Menu
Roman Live On Line

Nu York

#018 Parano yes

L’hiver est arrivé, il fait froid dehors, mais ça chauffe dans les bureaux.
Au milieu de la panique des banques qui n’ont toujours pas retrouvé l’équilibre depuis le crash de cet été et qui voient fondre leur à-valoir, les politiciens didactiques et les économistes tracent des lignes pour tenter de créer des illusions d’optique à défaut de rattraper les chiffres de croissance de l’économie Asiatique. C’est le nivellement par le haut. Ça cahute chez « COMCO International », comme à la Maison-Blanche où les Républicains se plaisent à y croire à nouveau, et panique des Démocrates qui se battent entre eux comme l’hydre à deux têtes : Madame Clinton est mal placée dans les sondages et Barack Obama n’a pas convaincu tout le monde.
Yes parano. Parano NO. Parano Yes.
En cette fin d’année, tout le monde a peur.
On sait que les liftings, lissages et remodelages vont bon train. On marche sur la tête. Les compagnies ont perdu le sens de la responsabilité et de la qualité du travail. On fait des plans, des plans et encore des plans sur trois ans. On vise l’horizon 2009 mais pas plus loin. C’est une culture de survie. On ne parle que de rentabilité, tout est challenge, y a plus de joie dans le travail. Les entreprises exsangues demandent toujours plus. Grâce aux moyens donnés par la civilisation de l’hyper communication, le téléphone mobile sonne à toute heure pour un renseignement ou un saignement de plus, ou c’est le Blackberry, ou l’Iphone, ou l’Email qui se remplit. Gros salaire égal asservissement maximal.

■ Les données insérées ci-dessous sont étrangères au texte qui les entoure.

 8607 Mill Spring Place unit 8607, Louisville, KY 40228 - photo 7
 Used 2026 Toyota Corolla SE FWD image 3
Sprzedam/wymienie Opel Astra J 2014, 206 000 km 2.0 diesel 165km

Sur la corde raide, sur un siège éjectable, ils savent qu’ils peuvent sauter d’un instant à l’autre, quels que soient leurs postes, même les chairmans et managers, présidents et vice-président, tous les mecs stressent quand ils doivent rendre des comptes comme on rend sa copie. En équilibre sur un fil, s’ils ne font pas le bon choix, un coup de vent et hop, ils culbutent dans le vide. Même installés à des postes majeurs, ils n’ont aucune sécurité, et tous n’ont pas les fameux parachutes. J’en vois qui se retrouvent en vol libre façon Yves Klein, éjectés du jour au lendemain avec une plus ou moins belle prime de départ, mais plus rien à faire ensuite. Pressé comme des fruits pour en tirer le jus, il ne reste d’eux que le zeste après le geste.

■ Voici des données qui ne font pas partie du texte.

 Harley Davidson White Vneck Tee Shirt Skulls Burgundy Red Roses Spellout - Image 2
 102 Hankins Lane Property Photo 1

Croissance à deux chiffres, on veut toujours y croire en Occident, mais c’est impossible de tenir les engagements et promesses de croissance, les bilans prévisionnels, les courbes statistiques, budgets prévisionnels, etc. Car personne maîtrise le futur. Même quand les boîtes marchent bien, ce n’est jamais assez. Une fois entrées en Bourse, les entreprises doivent montrer patte blanche et rendre des comptes aux actionnaires. Sortis de Berkeley, de Yale, de NYU, UCLA, USC ou UNC, remontés comme des ressorts, ils écrasent tout ce qui réfléchit à leur place. Les gestionnaires administrateurs, mandataires, et contrôleurs économiques observent froidement, les yeux vides d’émotion, l’œil fixé sur les courbes des indicateurs économiques PIB, PNB, RNB, ISS, ou NASDAQ Stock Market.Devant l’écran plat de leur laptop, aveugles aux expressions de chagrin, ils refusent d’entendre ceux qui « braillent ».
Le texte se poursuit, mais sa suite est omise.